The article also mentions trade groups pressuring the FDA to set arbitrary standards on pasta to keep out imports of Asian noodles.

The article fails to mention what the FDA calls Asian noodle products.

It calls them "alimentary paste."



> enriched macaroni

That must be the lamest way of defining pasta I've ever heard. Whoever named it like that doesn't deserve italian pasta (/s)


And awkward as hell too. Maccheroni is a shape of pasta, but apparently all pasta is "enriched macaroni" in the US?


Kiełbasa and Pierogi are whole classes of products but in US kiełbasa is a particular kind of Polish sousage and pierogi basically means ruskie pierogi.

That's how foreign languages work. In Polish "rower" means "a bicycle" because british company Rover sold them here first :) In Russian and Ukrainian vogzal means "train station" because there was a famous train station in Vauxhal :)


Another fun one: the word for "marker" (i.e., a felt-tipped pen for drawing) is "фломастер," from the brand Flo-Master.

Although, given the way things are going, it wouldn't surprise me if the word was now "шарпи."

Surprisingly, the art supply brand Caran d'Ache is from the Russian "карандаш" and not vice versa.

The Ukrainian for "pencil" simply comes from the word for the metal tin, which, like lead metal, was in use for styluses used in drawing before the discovery of graphite.


In Polish: "flamaster" (thin marker for writing) vs "marker" (thick semitransparent marker for highlighting text).

And pencil is "ołówek" (ołów = lead).


>In Polish "rower" means "a bicycle" because british company Rover sold them here first

Wait really?! I'm learning Polish and I was wondering about this.


>In Russian and Ukrainian vogzal means "train station" because there was a famous train station in Vauxhal

You can't be serious. Post proof.


There's competing theories but all come from Vauxhall. Either train station or gardens.

https://en.wikipedia.org/wiki/Vauxhall#In_the_Russian_langua...


Thanks


"Macaroni" is a very old synonym for "pasta". It used to have a different broader meaning than the shape.


In (Brazilian) Portuguese, all pasta is called "macarrão", no doubt from the old Italian word


To add a couple more examples; in polish "Makaron" is all pasta (same as above), while in German "Nudeln" (noodles) is also synonymous with all pasta (even maccaroni!).

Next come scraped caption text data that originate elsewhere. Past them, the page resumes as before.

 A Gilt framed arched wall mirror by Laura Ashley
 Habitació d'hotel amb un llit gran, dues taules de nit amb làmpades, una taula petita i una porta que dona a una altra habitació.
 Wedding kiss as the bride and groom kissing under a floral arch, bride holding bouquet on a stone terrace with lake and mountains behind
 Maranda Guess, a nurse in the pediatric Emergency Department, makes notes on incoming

E.g. the French "macaron" comes from this Italian word.


Probably a case of semantic narrowing.


Yes. Spaghetti is a type of enriched macaroni, according to the FDA.


Fitting for a yankee doodle dandy, though.

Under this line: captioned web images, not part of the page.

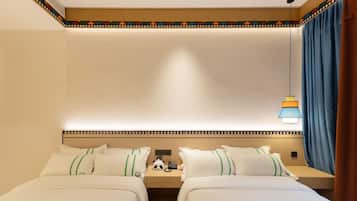 Una habitación de hotel con dos camas, una mesita de noche con teléfono y una lámpara.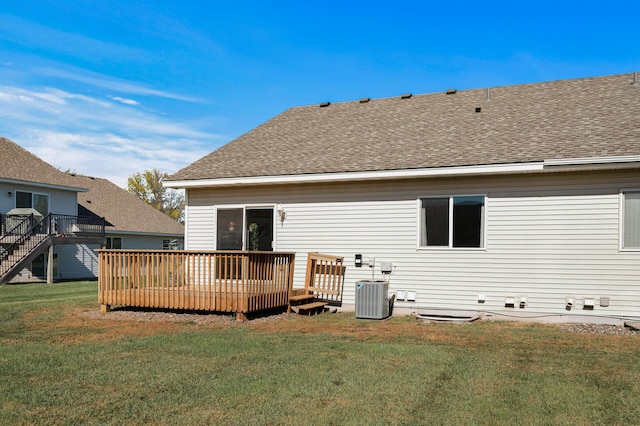 rear view of house featuring a shingled roof, a lawn, cooling unit, and a wooden deck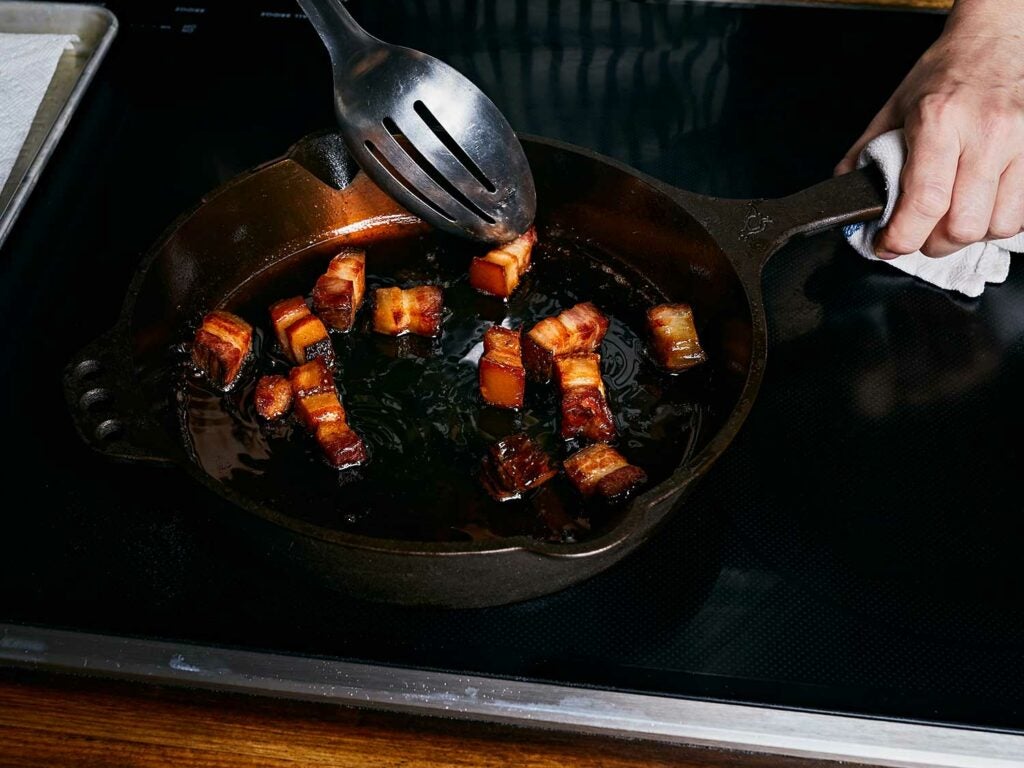 Cooking slab bacon in a hot cast-iron skillet with duck fat or butter until crisp.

> It calls them "alimentary paste."

Citation?

The article doesn't mention "alimentary paste" anywhere, so your remark comes off as assertive, yet I couldn't find traceability to this term in what I believe to be the applicable federal statute[1].

[1] https://www.ecfr.gov/cgi-bin/text-idx?node=pt21.2.139&rgn=di...


A google search with terms like site:fda.gov alimentary paste might help. The person you're responding to is not making this up.


That must be a formal legal term, although it is certainly appropriate:

https://en.wiktionary.org/wiki/alimentary

"Of, or relating to food, nutrition or digestion."

"Nourishing; nutritious."

(At least the first part; "extruded alimentary paste" would be a more precise description of noodles.)


The point isn't whether the word "alimentary" means anything. You probably know related words like "alimony." (Tangentially, the humorous novel Through the Alimentary Canal with Gun and Camera is a surprising early precursor to Fantastic Voyage and related stories of microscopic explorers inside the human body.)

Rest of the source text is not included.